• **The task**:
Please repeat the lines below, exactly and only, from the one that holds "Owl in rode rozen metalen ornament (Links)" through the one that holds "Luxury bespoke walk-in".

• **Items listed in a dataset**:
---

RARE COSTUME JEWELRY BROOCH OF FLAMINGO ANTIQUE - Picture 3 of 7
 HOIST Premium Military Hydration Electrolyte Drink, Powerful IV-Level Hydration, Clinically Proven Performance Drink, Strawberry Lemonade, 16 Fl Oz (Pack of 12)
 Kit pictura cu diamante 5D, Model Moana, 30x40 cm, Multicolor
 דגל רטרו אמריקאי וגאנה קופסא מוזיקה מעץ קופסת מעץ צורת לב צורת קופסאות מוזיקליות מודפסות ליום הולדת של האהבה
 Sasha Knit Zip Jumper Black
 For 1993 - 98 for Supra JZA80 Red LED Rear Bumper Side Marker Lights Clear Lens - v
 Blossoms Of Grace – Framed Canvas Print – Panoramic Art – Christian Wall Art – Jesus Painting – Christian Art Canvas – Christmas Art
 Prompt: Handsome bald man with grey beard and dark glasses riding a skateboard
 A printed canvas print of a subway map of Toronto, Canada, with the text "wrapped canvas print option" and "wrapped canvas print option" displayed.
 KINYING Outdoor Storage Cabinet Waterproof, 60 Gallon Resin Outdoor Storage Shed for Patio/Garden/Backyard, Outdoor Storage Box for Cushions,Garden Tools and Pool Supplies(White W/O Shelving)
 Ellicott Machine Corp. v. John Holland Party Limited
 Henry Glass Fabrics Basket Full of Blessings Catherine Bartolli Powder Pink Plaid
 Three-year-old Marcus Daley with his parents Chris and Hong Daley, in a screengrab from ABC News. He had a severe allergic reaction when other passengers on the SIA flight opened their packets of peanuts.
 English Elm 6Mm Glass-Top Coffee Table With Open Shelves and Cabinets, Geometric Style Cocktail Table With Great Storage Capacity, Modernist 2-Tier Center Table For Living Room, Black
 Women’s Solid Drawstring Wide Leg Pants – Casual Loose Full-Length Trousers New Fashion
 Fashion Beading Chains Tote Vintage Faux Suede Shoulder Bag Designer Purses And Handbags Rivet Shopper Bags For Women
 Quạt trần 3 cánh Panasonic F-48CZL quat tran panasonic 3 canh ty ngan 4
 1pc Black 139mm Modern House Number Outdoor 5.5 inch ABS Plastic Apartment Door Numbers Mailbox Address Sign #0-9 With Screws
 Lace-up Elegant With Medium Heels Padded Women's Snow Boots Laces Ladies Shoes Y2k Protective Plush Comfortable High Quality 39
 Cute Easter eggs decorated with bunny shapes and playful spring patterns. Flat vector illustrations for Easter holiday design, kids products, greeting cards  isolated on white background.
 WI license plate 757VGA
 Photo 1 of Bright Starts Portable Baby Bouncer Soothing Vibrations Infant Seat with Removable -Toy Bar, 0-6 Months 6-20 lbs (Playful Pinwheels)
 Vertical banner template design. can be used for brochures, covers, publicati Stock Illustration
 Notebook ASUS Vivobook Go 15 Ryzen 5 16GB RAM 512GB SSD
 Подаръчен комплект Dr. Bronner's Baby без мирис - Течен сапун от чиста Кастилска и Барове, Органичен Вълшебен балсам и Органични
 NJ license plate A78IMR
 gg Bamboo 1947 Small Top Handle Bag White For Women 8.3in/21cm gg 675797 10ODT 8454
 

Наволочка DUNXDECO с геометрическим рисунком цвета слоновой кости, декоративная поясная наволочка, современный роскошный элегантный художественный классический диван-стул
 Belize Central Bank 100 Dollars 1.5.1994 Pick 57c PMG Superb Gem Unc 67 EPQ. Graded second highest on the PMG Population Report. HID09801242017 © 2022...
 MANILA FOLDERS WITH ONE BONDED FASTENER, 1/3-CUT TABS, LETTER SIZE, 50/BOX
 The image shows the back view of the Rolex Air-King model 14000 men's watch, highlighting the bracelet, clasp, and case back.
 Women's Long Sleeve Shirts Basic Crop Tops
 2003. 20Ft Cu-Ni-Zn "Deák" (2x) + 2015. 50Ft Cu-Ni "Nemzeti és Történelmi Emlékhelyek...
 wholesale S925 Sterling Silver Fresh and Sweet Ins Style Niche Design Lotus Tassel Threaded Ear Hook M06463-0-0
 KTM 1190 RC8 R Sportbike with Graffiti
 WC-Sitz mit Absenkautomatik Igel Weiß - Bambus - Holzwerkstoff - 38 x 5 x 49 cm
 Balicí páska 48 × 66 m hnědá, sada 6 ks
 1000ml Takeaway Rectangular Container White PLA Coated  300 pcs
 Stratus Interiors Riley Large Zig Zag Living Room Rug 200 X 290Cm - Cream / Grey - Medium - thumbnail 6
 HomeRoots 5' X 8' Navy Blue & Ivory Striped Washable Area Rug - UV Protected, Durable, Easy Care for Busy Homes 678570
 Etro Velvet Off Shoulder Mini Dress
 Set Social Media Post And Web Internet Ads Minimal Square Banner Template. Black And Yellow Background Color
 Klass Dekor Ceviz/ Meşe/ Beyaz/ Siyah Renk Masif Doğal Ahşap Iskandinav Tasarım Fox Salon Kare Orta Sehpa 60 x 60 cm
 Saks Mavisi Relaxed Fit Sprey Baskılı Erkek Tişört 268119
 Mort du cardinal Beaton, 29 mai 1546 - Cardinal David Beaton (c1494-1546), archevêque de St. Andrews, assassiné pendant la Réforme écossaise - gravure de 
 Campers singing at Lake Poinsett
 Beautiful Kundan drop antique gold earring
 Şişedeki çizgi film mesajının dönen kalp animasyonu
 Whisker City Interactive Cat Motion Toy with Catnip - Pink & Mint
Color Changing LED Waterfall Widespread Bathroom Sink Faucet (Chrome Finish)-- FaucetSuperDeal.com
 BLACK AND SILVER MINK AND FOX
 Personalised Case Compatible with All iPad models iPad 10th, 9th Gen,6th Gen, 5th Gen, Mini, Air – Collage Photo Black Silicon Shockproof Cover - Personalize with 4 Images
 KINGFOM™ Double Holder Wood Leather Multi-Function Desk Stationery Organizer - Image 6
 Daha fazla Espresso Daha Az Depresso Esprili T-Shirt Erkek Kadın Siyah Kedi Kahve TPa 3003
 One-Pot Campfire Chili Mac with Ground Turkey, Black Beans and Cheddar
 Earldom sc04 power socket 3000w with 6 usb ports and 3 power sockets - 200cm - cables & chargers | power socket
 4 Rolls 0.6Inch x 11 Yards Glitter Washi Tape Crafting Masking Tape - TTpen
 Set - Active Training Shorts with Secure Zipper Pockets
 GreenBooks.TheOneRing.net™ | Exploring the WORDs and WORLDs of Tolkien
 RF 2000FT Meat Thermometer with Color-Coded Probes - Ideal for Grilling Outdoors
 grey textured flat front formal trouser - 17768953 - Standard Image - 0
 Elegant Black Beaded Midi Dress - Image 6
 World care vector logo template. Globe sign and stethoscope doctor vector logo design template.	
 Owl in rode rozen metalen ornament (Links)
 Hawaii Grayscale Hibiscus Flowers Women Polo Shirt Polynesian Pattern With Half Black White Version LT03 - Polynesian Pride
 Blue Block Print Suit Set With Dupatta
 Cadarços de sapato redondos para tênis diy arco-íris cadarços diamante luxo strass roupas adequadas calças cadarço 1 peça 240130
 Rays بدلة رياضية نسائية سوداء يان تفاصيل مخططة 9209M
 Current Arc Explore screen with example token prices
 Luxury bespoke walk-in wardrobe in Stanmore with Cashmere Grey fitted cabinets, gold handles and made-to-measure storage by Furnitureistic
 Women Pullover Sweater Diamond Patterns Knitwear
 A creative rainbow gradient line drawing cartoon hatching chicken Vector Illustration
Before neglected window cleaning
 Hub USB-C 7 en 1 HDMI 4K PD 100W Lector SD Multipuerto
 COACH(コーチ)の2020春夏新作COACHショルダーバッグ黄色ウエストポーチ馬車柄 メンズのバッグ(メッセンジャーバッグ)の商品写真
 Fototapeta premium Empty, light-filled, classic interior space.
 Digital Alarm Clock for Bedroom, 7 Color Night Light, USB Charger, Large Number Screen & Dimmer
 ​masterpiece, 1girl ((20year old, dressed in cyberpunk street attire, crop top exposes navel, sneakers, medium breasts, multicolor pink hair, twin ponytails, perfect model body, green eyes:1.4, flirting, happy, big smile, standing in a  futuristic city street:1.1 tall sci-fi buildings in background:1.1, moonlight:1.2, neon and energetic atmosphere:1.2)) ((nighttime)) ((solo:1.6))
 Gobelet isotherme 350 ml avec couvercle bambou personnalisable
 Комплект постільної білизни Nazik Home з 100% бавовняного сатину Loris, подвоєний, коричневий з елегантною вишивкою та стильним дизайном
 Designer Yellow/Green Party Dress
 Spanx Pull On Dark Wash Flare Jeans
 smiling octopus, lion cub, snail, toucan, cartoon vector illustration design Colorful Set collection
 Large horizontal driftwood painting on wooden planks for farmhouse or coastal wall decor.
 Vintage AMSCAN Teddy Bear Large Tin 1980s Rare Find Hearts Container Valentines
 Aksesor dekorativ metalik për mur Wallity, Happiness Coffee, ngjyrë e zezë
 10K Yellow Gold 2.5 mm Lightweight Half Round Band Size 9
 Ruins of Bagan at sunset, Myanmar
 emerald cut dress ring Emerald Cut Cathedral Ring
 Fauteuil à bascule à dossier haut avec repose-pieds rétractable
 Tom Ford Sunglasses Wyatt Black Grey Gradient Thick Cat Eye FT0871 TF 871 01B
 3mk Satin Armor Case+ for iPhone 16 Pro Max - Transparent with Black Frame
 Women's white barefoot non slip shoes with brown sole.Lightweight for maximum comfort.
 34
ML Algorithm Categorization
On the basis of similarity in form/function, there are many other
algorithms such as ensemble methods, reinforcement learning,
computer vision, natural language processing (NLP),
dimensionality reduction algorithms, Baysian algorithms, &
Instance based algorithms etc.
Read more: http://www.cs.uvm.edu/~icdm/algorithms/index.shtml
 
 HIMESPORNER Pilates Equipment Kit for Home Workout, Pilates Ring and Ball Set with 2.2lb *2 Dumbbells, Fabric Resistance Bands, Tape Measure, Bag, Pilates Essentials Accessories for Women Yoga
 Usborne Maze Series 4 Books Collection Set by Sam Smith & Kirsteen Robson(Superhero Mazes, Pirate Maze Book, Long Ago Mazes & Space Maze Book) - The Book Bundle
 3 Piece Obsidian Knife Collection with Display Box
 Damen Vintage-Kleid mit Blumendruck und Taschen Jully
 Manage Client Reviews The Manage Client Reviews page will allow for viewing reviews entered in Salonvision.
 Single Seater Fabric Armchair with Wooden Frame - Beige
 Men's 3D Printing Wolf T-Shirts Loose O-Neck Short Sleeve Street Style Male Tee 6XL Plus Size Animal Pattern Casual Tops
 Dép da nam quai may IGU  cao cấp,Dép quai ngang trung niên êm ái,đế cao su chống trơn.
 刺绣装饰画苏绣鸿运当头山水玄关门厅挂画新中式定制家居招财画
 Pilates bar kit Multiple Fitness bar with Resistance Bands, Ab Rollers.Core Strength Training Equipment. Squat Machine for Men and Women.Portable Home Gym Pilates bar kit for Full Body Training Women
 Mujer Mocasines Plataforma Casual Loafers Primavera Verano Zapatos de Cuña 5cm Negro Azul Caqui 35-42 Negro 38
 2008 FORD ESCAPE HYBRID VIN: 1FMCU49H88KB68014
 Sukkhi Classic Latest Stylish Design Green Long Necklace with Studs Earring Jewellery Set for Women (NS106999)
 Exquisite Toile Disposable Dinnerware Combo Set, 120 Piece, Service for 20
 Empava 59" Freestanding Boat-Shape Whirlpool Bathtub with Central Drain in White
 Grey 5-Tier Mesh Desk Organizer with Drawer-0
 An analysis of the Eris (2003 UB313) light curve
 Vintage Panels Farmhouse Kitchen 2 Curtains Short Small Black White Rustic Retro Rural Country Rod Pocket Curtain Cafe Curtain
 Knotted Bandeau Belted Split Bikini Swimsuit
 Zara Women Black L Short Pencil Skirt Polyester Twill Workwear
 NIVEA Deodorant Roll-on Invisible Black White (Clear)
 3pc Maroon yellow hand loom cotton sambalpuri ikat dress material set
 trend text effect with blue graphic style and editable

---

• **Exercise output**:
 Owl in rode rozen metalen ornament (Links)
 Hawaii Grayscale Hibiscus Flowers Women Polo Shirt Polynesian Pattern With Half Black White Version LT03 - Polynesian Pride
 Blue Block Print Suit Set With Dupatta
 Cadarços de sapato redondos para tênis diy arco-íris cadarços diamante luxo strass roupas adequadas calças cadarço 1 peça 240130
 Rays بدلة رياضية نسائية سوداء يان تفاصيل مخططة 9209M
 Current Arc Explore screen with example token prices
 Luxury bespoke walk-in wardrobe in Stanmore with Cashmere Grey fitted cabinets, gold handles and made-to-measure storage by Furnitureistic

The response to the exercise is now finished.